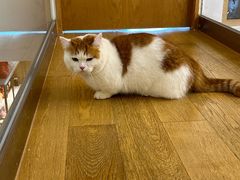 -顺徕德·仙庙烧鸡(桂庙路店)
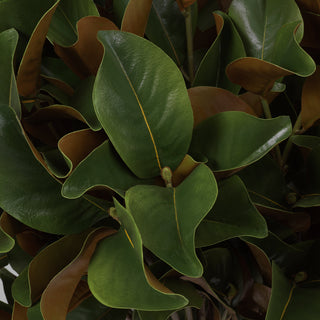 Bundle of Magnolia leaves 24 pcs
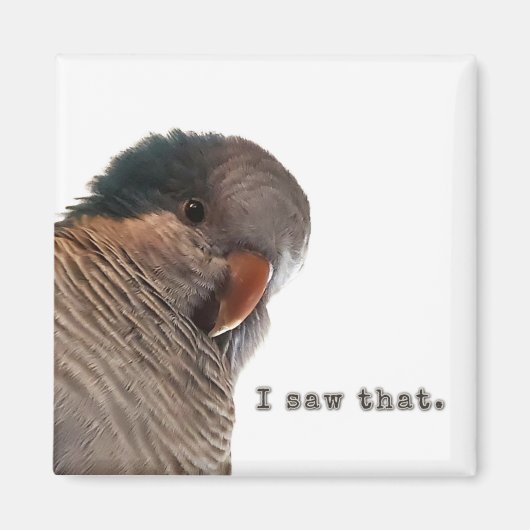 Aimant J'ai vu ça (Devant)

• _Exercise directions_: If pictures appear in the data, omit them and copy all other parts exactly.

• _Your solution_:
 -顺徕德·仙庙烧鸡(桂庙路店)
 Bundle of Magnolia leaves 24 pcs
 Aimant J'ai vu ça (Devant)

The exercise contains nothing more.